> **Data to use**:

- Opening Delimiter -

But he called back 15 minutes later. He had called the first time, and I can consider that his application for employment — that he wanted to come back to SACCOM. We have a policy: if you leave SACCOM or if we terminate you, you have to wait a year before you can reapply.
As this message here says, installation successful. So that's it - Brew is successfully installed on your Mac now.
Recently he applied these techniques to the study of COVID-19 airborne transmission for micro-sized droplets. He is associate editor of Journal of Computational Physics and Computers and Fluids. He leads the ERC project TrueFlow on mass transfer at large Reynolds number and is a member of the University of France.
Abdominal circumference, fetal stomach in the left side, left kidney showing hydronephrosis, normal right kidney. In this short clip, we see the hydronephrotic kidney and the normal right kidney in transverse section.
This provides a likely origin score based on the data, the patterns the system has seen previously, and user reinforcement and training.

- Closing Delimiter -
- Opening Delimiter -

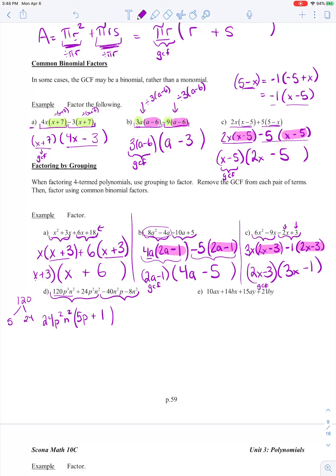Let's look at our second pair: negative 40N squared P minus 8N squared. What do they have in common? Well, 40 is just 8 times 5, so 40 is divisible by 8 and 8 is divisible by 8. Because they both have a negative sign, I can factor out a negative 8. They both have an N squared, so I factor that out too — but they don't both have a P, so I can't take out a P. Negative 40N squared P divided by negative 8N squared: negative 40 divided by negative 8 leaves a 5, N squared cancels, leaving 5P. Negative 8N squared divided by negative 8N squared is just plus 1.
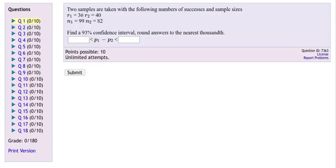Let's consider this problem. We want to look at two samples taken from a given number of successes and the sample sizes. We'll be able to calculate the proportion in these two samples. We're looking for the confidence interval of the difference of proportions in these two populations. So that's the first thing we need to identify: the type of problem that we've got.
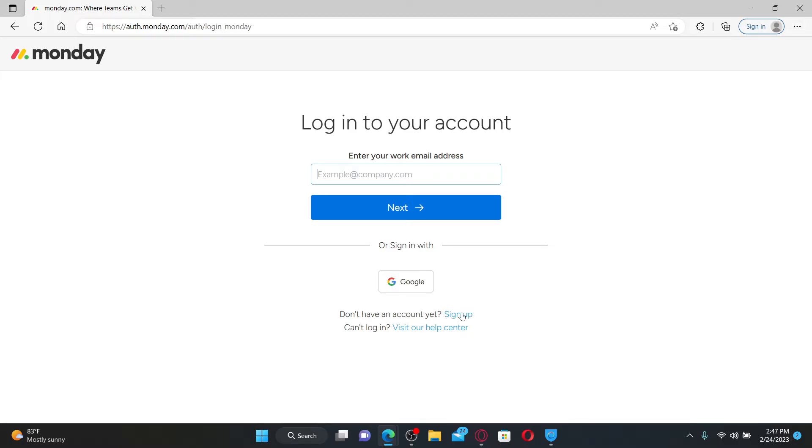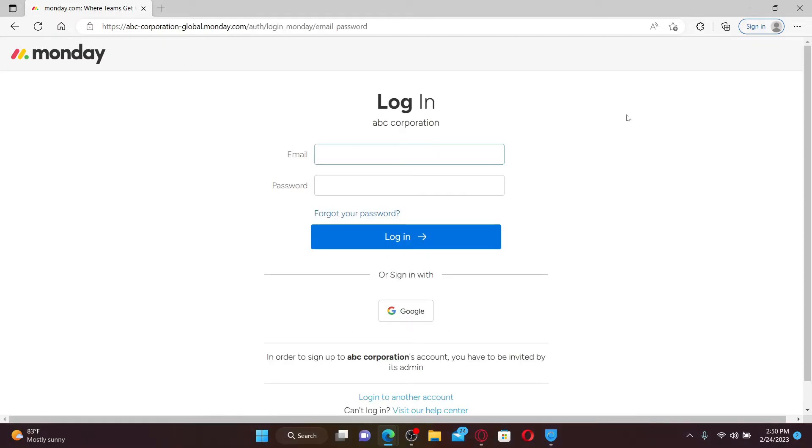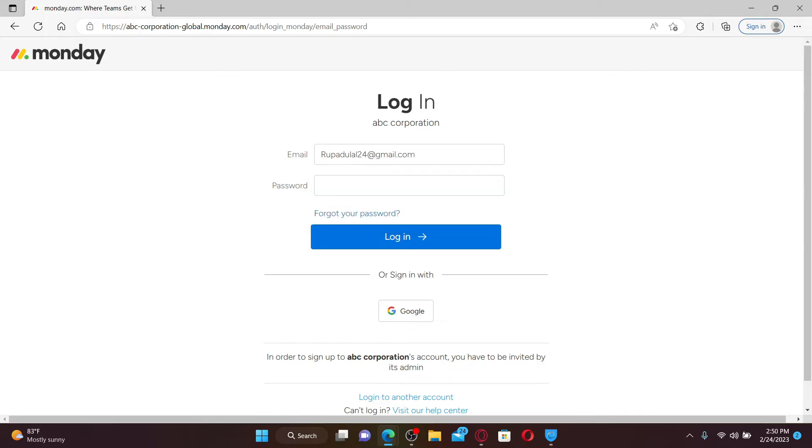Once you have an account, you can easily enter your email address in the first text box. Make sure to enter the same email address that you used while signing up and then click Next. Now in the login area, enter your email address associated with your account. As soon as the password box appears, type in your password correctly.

- Closing Delimiter -

> **Action item**: Taking the listing above as the source, transcribe only the lines starting at the line with "But he called" and going through the line with "This provides a", unaltered and with both ends included.

> **Exercise response**:
But he called back 15 minutes later. He had called the first time, and I can consider that his application for employment — that he wanted to come back to SACCOM. We have a policy: if you leave SACCOM or if we terminate you, you have to wait a year before you can reapply.
As this message here says, installation successful. So that's it - Brew is successfully installed on your Mac now.
Recently he applied these techniques to the study of COVID-19 airborne transmission for micro-sized droplets. He is associate editor of Journal of Computational Physics and Computers and Fluids. He leads the ERC project TrueFlow on mass transfer at large Reynolds number and is a member of the University of France.
Abdominal circumference, fetal stomach in the left side, left kidney showing hydronephrosis, normal right kidney. In this short clip, we see the hydronephrotic kidney and the normal right kidney in transverse section.
This provides a likely origin score based on the data, the patterns the system has seen previously, and user reinforcement and training.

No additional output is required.